● Requirement: For the material below, return exactly the lines starting at the line containing "Fumaça em Manaus" and ending at the line containing "thumbnail image 4", both ends included, and no others.

● Recorded information:
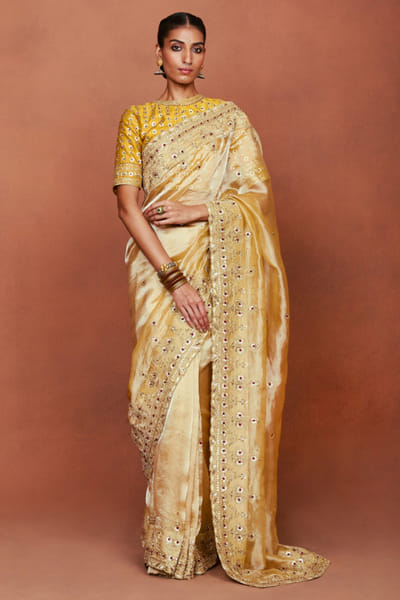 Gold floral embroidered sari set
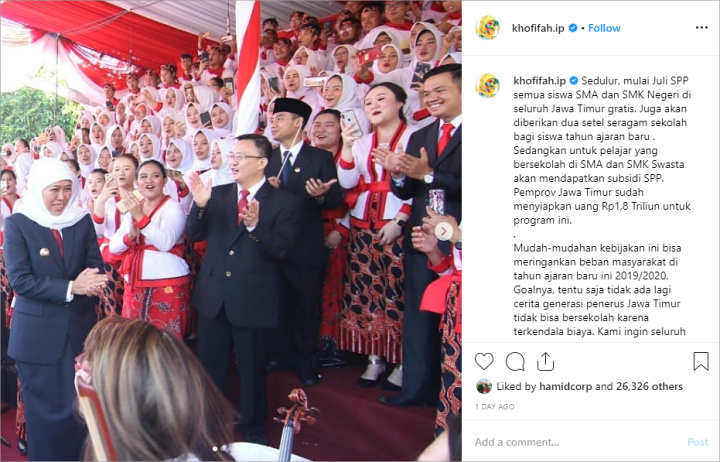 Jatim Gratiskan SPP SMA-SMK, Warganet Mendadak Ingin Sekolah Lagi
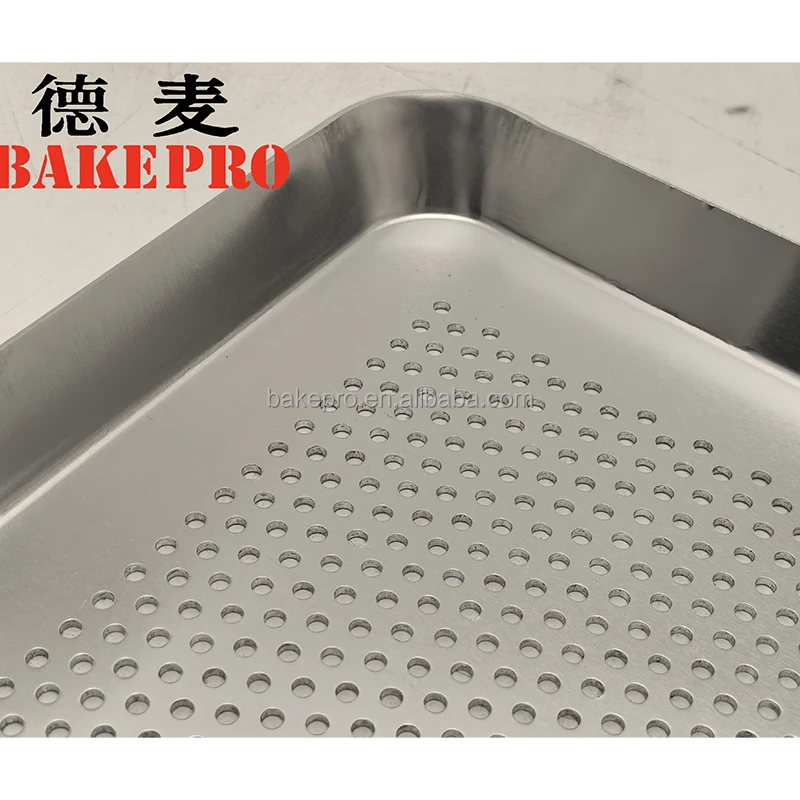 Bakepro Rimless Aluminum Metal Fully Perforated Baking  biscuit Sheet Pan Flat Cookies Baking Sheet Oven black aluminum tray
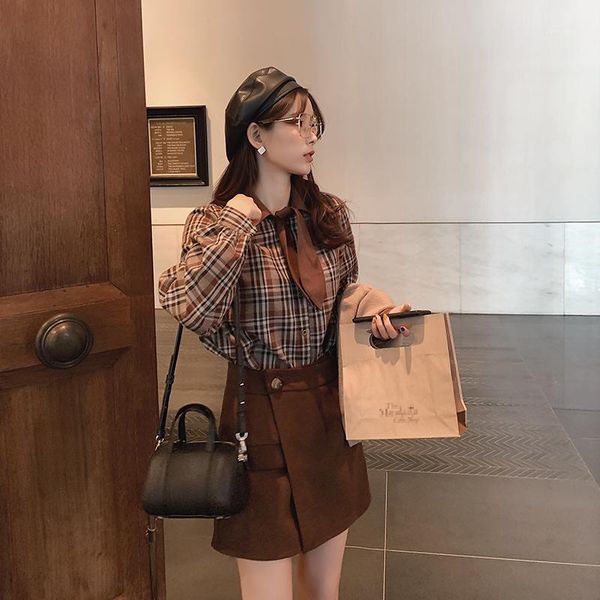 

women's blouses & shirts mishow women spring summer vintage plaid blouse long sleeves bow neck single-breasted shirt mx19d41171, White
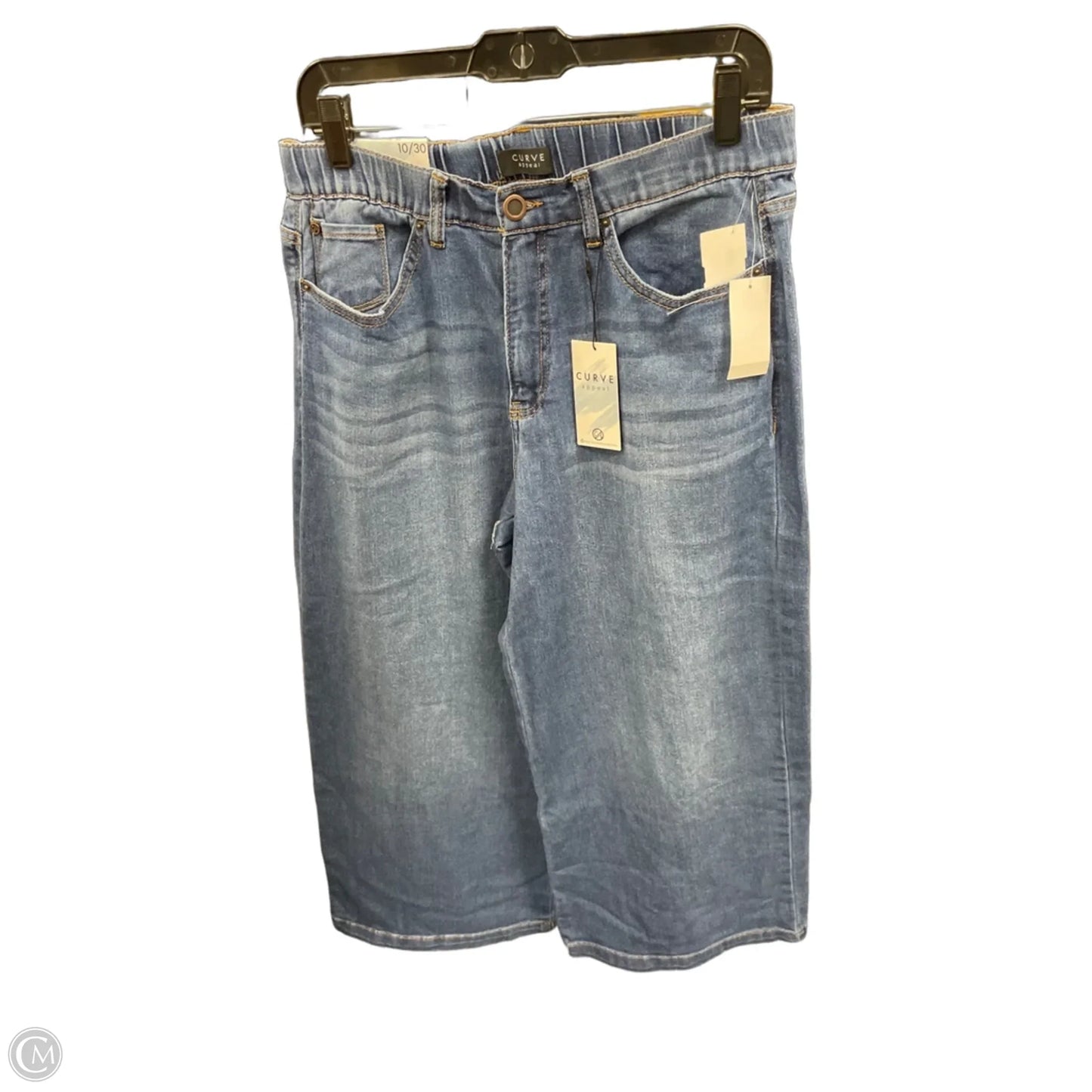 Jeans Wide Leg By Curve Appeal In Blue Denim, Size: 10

==

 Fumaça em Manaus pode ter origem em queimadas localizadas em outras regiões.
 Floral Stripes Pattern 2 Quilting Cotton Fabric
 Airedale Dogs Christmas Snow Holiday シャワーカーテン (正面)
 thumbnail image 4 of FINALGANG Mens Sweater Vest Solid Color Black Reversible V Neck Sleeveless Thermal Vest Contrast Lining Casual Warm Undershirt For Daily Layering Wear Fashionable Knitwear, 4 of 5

● Solution:
 Fumaça em Manaus pode ter origem em queimadas localizadas em outras regiões.
 Floral Stripes Pattern 2 Quilting Cotton Fabric
 Airedale Dogs Christmas Snow Holiday シャワーカーテン (正面)
 thumbnail image 4 of FINALGANG Mens Sweater Vest Solid Color Black Reversible V Neck Sleeveless Thermal Vest Contrast Lining Casual Warm Undershirt For Daily Layering Wear Fashionable Knitwear, 4 of 5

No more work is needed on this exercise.